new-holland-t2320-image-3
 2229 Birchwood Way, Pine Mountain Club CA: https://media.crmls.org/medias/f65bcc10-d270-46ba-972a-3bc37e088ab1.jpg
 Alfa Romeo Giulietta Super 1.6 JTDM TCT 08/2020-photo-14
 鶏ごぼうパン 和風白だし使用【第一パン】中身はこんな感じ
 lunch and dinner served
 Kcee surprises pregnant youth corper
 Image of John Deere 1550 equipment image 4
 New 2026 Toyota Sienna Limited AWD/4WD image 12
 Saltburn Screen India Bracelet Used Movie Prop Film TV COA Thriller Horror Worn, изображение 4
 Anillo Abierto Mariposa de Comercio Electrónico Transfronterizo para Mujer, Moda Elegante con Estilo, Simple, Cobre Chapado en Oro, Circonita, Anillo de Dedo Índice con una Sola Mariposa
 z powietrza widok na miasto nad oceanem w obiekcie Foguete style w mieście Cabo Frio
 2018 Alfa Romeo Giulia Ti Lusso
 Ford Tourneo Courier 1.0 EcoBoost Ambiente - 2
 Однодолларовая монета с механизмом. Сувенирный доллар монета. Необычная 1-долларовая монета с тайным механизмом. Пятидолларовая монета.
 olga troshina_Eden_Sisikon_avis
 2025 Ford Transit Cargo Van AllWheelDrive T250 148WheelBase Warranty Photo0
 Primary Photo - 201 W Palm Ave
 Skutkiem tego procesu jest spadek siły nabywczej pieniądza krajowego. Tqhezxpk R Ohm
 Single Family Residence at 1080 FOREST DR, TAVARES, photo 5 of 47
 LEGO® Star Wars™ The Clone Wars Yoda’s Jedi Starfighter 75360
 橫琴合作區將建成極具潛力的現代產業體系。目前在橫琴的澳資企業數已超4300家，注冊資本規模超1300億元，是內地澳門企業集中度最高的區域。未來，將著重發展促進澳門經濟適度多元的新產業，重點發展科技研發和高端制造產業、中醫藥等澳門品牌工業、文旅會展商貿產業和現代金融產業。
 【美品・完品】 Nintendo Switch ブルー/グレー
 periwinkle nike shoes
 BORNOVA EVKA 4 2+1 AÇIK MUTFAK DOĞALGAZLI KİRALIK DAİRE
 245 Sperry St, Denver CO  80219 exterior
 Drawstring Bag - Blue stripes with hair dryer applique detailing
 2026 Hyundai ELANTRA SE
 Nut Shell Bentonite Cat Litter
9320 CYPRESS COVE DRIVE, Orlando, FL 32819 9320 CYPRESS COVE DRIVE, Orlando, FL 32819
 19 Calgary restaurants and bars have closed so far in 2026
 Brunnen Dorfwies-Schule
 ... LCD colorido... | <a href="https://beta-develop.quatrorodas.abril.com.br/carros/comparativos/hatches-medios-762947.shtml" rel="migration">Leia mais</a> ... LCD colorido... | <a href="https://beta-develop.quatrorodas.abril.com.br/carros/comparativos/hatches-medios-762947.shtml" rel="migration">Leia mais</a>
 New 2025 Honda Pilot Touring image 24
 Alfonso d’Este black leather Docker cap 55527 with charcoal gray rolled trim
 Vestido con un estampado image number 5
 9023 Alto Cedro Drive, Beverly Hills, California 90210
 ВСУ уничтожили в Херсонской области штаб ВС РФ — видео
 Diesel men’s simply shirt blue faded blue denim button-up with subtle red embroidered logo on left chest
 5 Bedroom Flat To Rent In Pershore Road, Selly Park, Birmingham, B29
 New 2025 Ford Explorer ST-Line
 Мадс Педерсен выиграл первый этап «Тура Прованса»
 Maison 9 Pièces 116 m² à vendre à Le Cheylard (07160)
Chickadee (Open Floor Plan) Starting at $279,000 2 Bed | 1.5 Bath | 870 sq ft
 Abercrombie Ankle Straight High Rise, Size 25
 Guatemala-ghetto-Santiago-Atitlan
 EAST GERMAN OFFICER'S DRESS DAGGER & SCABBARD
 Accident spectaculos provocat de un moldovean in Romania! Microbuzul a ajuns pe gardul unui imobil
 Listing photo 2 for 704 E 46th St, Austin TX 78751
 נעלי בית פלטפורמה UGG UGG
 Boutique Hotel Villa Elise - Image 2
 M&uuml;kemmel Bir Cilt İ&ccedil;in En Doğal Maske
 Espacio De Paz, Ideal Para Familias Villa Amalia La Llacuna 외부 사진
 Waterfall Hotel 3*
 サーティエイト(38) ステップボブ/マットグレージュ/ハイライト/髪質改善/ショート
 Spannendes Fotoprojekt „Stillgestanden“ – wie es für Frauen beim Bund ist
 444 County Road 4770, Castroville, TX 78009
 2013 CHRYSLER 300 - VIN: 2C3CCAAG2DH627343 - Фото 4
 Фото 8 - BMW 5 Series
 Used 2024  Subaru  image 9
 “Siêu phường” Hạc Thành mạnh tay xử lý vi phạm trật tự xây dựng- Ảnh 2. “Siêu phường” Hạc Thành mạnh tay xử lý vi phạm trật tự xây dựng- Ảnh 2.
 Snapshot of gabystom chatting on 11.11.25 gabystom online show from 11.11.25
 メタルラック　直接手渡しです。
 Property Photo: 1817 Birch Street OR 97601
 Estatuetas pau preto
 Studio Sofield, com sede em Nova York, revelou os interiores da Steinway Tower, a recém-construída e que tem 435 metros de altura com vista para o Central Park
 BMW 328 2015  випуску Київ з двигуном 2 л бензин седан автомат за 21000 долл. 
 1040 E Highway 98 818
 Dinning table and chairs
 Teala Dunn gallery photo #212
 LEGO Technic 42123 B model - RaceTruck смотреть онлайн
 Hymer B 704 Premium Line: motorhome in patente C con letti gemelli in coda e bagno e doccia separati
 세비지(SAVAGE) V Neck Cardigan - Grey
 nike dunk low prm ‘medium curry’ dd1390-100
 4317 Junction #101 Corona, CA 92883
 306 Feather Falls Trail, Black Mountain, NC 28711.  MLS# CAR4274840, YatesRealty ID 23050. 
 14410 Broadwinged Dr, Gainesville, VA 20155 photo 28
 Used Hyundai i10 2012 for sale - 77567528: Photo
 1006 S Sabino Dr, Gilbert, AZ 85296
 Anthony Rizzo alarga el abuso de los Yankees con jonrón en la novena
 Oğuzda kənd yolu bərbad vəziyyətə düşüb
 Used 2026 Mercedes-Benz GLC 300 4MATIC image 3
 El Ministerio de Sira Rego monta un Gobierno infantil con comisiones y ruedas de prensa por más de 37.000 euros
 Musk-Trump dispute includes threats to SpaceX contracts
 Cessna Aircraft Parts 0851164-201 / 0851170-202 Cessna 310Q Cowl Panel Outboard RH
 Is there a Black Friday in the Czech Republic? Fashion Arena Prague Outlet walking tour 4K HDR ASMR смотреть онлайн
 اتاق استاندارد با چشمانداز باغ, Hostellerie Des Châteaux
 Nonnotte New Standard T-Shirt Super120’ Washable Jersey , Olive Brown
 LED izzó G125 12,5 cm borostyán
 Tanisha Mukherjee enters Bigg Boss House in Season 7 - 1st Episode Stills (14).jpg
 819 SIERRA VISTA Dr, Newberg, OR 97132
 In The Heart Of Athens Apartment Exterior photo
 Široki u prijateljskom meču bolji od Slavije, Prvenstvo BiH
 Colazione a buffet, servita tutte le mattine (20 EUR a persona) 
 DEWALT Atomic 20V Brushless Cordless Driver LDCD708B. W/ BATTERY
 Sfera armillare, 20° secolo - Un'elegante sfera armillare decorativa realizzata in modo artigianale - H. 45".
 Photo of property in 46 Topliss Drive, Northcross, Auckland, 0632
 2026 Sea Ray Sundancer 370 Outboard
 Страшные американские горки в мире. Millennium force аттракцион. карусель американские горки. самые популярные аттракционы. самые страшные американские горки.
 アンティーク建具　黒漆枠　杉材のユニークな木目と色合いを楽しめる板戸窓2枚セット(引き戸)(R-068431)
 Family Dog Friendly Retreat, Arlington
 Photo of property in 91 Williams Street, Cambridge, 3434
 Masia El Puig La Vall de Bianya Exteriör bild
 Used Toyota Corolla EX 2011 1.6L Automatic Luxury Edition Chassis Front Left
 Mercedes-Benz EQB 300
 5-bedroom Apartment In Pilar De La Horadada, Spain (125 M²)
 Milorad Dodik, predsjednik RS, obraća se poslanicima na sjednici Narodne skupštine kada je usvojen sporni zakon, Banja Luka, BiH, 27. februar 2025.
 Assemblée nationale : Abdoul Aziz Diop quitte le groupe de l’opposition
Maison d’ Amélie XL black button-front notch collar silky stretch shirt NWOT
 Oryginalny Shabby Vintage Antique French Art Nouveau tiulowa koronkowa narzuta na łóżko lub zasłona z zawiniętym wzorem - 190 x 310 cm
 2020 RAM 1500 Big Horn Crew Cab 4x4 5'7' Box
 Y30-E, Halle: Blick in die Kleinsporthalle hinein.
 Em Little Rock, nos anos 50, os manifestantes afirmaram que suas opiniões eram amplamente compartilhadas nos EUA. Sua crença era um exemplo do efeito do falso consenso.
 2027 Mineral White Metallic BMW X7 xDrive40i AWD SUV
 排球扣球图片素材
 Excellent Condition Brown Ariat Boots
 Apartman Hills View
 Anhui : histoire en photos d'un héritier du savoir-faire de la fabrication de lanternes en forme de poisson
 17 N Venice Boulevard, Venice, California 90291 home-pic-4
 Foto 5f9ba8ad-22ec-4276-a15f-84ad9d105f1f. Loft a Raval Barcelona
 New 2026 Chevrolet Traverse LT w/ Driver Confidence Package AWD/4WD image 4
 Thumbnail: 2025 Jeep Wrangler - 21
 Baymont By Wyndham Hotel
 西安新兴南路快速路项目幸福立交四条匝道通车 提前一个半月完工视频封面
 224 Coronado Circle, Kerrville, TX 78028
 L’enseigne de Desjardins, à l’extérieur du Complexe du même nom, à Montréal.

-.-.-

Instructions to follow = Out of the material above, output word for word the line with "14410 Broadwinged Dr, Gainesville, VA", the line with "اتاق استاندارد با", and all lines between them, with nothing else.

Solution =
 14410 Broadwinged Dr, Gainesville, VA 20155 photo 28
 Used Hyundai i10 2012 for sale - 77567528: Photo
 1006 S Sabino Dr, Gilbert, AZ 85296
 Anthony Rizzo alarga el abuso de los Yankees con jonrón en la novena
 Oğuzda kənd yolu bərbad vəziyyətə düşüb
 Used 2026 Mercedes-Benz GLC 300 4MATIC image 3
 El Ministerio de Sira Rego monta un Gobierno infantil con comisiones y ruedas de prensa por más de 37.000 euros
 Musk-Trump dispute includes threats to SpaceX contracts
 Cessna Aircraft Parts 0851164-201 / 0851170-202 Cessna 310Q Cowl Panel Outboard RH
 Is there a Black Friday in the Czech Republic? Fashion Arena Prague Outlet walking tour 4K HDR ASMR смотреть онлайн
 اتاق استاندارد با چشمانداز باغ, Hostellerie Des Châteaux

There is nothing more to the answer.